Aux prises avec les affaires qui secouent l’une des plus vieilles institutions du monde, le Vatican a fait le choix d’une stratégie qui enfreint toutes les règles de la communication de crise, et de la gestion de l’image. Derrière cette apparente erreur, l’Eglise confirme qu’elle n’est pas assimilable à d’autres organisation et que sa boussole n’est pas celle du monde.
Avec l’affaire Bissey, en 2001, ce qui n’était qu’un agrégat d’accusation isolées prend la dimension systémique et fait naître la crise dans laquelle l’Eglise catholique est plongée depuis plus de 15 ans, maintenant. Audrey Dumin, de France culture, écrit: “Dès les années 1990, des affaires d’agressions sexuelles sur mineurs surgissent au sein de l’Eglise catholique. Mais il faut attendre les années 2000 pour que ces cas prennent une dimension mondiale.” En effet, les révélations médiatiques se sont enchaînées depuis et les cas isolés se sont consolidés dans un soupçon de “système occulte”, qui viserait à taire le problème pour préserver l’image, mais par là-même, protéger les agresseurs et multiplier les victimes. Un crime qui en entraîne un autre, donc. Par ailleurs, il est essentiel d’être précis dans sa vision et de ne pas entacher l’ensemble du crime de quelques-uns. Penserait-on à soupçonner l’ensemble des éducateurs de tels agissements, parce que l’un d’entre eux s’y est livré?
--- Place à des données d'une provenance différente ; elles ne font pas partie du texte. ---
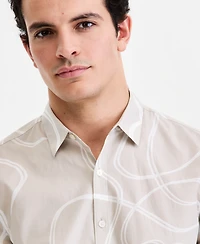 Alfani Men's Long-Sleeve Fluid Swirl Poplin Shirt, Macy's Exclusive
La grande majorité de l’église tient en horreur ses agissements, mais cela ne change rien au fait que l’Eglise est confrontée à ce problème, et qu’il engage sa responsabilité.
La présence d’éléments pédophiles dans l’Eglise et ses périphéries, comme dans toute organisation qui a accès à l’enfance (éducation, tutorat, lieux de vacances, etc.), n’est tristement guère surprenante. Il est logique, hélas, que des personnes qui ressentent une puissante attirance envers les enfants se tournent vers des secteurs qui leur permettra l’accès. Inversement, ceux qui ne sont pas en contact régulier d’enfants risquent bien moins de voir de telles attirances germer dans leurs esprits, rien de bien incompréhensible ici. Ce qui est véritablement surprenant, c’est le choix de l’Eglise (et plus précisément les papes Benoît et François) face à ce drame.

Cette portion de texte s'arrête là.